Attach to surface deformer will pull the roots of the curves toward the source surface. Make sure to personalize the input values on this deformer, they can vary significantly for each hairstyle. You want to avoid creating patches of clipping, as shown here:

You can mess with the flip seed to achieve a better result for specific strands, if needed. Adding some random tilt can also help greatly when hair like this is viewed from the front (cards are flat from the side, so in certain cases the hair may appear overly thin).

The Noise Deform deformer is incredibly usefull for introducing some randomness to the curves.

Both the random Tilt and Noise Deform deformers should be below the mirror deformer. As stated previously, deformers take effect from top to bottom, so the randomness introduced will not be symmetric.

If you are using HT default material/shader, you can skip this section. If you plan to use a custom shader or textures, read on.

In the Profile menu, you can find 2 input fields, one for the material, one for UV Data.

When selecting a custom shader, this happens:

To fix this issue, copy the HTool_UV node from the HT default material, and plug it into the image nodes in your custom shader.

Now, your UV's will most likely be completely messed up. To fix this, navigate to UV Editing workspace.

Press the Hair UV button in the top-right corner of the UV editor and follow the instructions to set up new UV boxes for your hair.

Then, navigate back to your deformers, where you can find the UV Regions Distribute deformer. Use it to assign UV boxes to the layer.

When you duplicate an object with a hair system, or paste a hair system, or perform the same actions on the profile tab, you are not creating new data blocks. Rather, linking a new object to the same data. Changing a parameter in the hair syste of object 1 will also change system 2, because they share the same data. By simply pressing the [2] (or higher number, if more systems shade data), you can make it unique, and thus independent.

Add the Attach to Surface deformer below the Push Out, but before you start tweaking the input curve.

The Push Out deformer will allow you to create a second layer from the same grid surface. Add a Profile Curve input mask to the Influence Range value of the Push Out deformer. Use the influence range input to finely control how much each part of the curve gets pushed out. You want the curves in this subsystem to be just above the first layer. Make sure to push the roots out above the first layer too!

To create the 4th layer, I used a Set Radius deformer. It allows you to control the width of cards, without needing to make the profile unique.

Hair Tool introduces a whole curve modeling workspace, with a couple unique tools, which greatly facilitate manually editing curves. Documentation: https://joseconseco.github.io/HairTool_3_Documentation/hair_modeling/

These are the deformers I used for the second and third layer of the fringe. Each layer is made from 5 or 6 guide curves with 5 vertices each.

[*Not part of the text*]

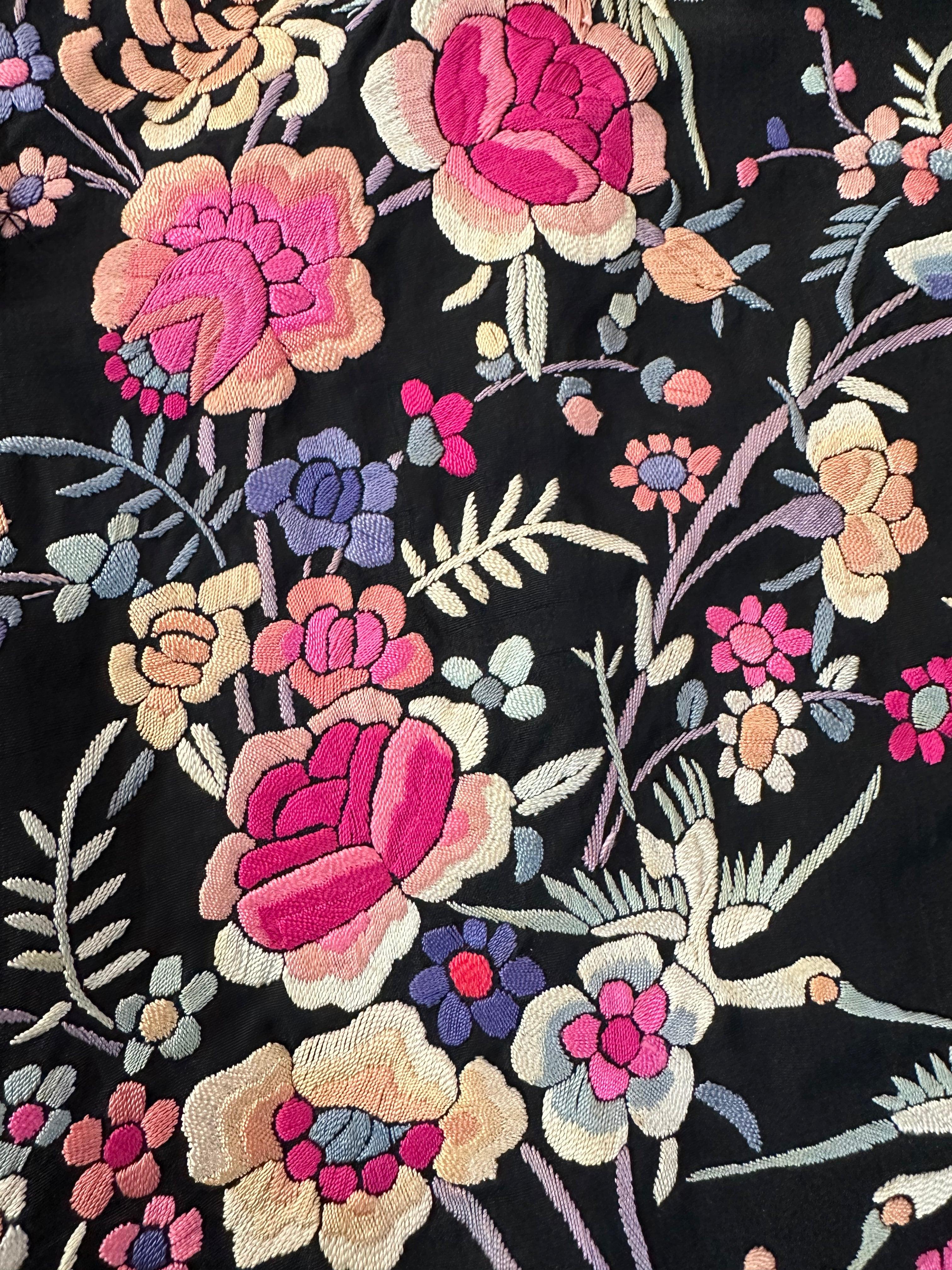 Chinesische handgestickte Jacke aus schwarzer Seide mit bunten Blumen, 1930er Jahre im Zustand „Hervorragend“ im Angebot in Los Angeles, CA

This operation is called Baking Subsystems. You can access it by pressing the 3 dots next to the Sub-Systems menu. Baking will allow you to finish procedural operations manually.

If your strands are not attached to the scalp, and you want them to remain this way, make sure to un-check the attach to surface option in the context menu which appears in the bottom left when baking.

If you are satisfied with the procedural result, you don't need to bake it.

Make sure to apply the subdivision surface modifier to your grid surface before baking subsystems.

It is a good practice to backup a procedural copy of the object before baking.

If you want to add deformers again after baking, you can simply add a new filter subsystem.

If you would like to finish layer 2 (where we had 2 subsystems, one guide curve generator, one curve duplicator), you can bake only the first subsystem. This will only convert the curves from the first subsystem to real instances, making it much easier to edit. I'm baking layer 3 and 4, which do not use Duplicate strands deformers, so I can simply bake all subsystems.